For a while on Saturday, at least, it appeared MU would finally put an end to the protracted dry spell.
Playing on the north court of cavernous Lucas Oil Stadium, where Texas and Abilene Christian were soon to play on the south court, Mizzou was seeking to end its longest NCAA Tournament victory drought since the void between 1944 and 1976.
The Tigers got just the sort of jump-start they might have wanted against the Sooners, grabbing a 14-7 lead with Tilmon asserting his presence inside for two of MU’s first three buckets and Mark Smith making his first two three-pointers after having hit just 2 of his previous 17.
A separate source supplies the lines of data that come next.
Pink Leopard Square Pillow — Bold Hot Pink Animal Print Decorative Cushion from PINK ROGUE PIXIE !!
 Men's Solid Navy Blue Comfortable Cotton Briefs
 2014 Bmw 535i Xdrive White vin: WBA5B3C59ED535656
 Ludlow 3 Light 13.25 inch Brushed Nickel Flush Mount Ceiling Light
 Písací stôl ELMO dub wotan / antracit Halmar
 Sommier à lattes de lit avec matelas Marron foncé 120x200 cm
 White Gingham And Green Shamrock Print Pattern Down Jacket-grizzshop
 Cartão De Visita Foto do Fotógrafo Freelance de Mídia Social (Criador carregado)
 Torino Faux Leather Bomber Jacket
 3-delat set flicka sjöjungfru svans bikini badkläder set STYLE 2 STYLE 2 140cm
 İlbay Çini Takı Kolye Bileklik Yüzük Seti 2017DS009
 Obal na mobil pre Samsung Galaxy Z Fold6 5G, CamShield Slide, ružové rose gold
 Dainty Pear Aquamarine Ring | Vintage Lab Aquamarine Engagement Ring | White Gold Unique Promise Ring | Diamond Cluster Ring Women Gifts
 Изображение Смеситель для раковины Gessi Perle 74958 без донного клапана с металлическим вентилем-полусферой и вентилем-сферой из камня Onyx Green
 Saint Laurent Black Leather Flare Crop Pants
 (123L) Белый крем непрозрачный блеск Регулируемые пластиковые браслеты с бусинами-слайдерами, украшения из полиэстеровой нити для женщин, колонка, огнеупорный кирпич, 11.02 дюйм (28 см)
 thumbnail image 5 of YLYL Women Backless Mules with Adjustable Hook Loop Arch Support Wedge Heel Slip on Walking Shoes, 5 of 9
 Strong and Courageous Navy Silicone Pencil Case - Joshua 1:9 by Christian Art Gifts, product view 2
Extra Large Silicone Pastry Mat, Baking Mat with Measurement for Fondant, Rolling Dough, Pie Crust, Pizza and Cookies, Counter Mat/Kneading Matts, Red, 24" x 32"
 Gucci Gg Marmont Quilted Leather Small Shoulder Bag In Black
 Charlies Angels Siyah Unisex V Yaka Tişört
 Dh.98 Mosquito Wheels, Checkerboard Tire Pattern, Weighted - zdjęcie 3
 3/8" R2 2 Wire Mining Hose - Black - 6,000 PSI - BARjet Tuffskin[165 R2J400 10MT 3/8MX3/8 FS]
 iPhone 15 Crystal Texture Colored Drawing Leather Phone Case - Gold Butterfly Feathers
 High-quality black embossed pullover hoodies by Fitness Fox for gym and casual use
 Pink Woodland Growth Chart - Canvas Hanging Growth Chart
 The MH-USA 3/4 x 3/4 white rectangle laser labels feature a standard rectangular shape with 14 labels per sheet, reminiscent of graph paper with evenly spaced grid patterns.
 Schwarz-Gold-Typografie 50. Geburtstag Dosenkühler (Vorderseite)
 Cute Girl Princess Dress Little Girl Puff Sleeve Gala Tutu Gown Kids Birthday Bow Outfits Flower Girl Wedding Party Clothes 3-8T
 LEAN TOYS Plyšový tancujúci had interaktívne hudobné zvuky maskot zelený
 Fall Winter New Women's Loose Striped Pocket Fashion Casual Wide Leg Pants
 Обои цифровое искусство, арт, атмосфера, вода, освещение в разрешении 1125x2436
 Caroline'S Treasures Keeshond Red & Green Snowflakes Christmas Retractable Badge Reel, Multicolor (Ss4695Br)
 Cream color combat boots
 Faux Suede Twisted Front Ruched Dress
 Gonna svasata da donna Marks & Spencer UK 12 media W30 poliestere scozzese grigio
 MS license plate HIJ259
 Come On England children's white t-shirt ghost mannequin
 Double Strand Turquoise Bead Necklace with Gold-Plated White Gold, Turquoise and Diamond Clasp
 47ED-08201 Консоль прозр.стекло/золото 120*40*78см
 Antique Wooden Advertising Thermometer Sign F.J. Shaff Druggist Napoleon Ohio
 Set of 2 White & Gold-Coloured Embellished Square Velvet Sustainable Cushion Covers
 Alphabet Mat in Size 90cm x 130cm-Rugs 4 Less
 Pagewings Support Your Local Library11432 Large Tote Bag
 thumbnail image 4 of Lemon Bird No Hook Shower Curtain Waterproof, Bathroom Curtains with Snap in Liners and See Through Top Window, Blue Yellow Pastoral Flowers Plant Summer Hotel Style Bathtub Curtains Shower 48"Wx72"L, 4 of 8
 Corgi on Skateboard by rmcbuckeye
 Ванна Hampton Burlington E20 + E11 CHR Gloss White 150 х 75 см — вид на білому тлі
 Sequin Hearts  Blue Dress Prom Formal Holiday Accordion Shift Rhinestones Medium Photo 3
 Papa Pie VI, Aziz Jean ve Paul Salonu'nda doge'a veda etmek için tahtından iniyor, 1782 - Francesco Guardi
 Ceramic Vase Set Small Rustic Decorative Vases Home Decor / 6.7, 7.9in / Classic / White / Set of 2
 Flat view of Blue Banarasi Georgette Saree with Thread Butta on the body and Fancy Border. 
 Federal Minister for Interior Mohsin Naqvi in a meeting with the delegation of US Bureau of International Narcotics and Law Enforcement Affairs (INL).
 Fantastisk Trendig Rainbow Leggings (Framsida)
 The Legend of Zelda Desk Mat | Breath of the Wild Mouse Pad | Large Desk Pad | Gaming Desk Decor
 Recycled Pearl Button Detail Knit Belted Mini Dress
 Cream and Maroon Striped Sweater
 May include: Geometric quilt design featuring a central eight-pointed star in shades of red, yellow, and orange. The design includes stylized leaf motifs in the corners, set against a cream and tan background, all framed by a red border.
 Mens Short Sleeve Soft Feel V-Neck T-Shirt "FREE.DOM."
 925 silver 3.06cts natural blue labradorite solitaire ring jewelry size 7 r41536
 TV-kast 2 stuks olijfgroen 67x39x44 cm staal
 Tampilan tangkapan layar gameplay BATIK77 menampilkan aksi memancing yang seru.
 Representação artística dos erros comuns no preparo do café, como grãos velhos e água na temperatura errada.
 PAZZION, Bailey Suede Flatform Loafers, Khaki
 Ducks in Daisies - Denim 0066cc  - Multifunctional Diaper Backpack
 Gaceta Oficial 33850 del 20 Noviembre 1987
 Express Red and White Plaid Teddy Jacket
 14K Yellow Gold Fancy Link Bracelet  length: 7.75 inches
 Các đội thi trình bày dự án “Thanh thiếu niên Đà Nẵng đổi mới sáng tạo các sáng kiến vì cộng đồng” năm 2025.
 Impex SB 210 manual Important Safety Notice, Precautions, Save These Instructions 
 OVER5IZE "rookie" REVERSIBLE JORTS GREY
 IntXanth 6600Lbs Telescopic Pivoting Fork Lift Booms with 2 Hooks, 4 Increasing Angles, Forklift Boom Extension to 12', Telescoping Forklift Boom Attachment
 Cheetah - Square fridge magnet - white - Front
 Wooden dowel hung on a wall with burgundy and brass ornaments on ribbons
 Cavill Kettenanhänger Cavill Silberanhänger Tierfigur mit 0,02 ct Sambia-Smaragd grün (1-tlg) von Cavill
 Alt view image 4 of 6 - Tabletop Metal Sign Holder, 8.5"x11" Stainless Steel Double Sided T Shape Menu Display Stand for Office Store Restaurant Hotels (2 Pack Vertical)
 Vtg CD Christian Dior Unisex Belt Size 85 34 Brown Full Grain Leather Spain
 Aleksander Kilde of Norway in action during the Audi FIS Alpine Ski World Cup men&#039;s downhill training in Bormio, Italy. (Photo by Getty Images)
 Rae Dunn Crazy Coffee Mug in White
After hitting 6 of its first 7 field goals, though Mizzou made only 5 of its next 27 (!) and seemed lucky to still be in the game by early in the second half.
But Dru Smith kept MU afloat with two sets of two three-pointers in quick succession, the second of which came with under a minute left to cut it to 70-67.
When he pried the ball loose from Austin Reaves on the other end with 17 seconds left, Mizzou figured to have a legitimate chance to tie.
But Kobe Brown passed up what would have been a contested three, and the scrambled offensive sequence ended with Drew Buggs being fouled as he drove with 2 seconds left.
Buggs made the first and intentionally missed the second. But Jalen Hill rebounded for OU and made both free throws after Brown had fouled him.
And that was that, yet again.
Harkening back to the simpler times of 2010, the Tigers surely didn’t lose because they didn’t want it bad enough. They also didn’t lose because they weren’t good enough.
They lost because they simply couldn’t find a way to come through in the moment on this stage, alas, making for all the more distance between the last time they did and leaving open to conjecture when it might finally again be otherwise.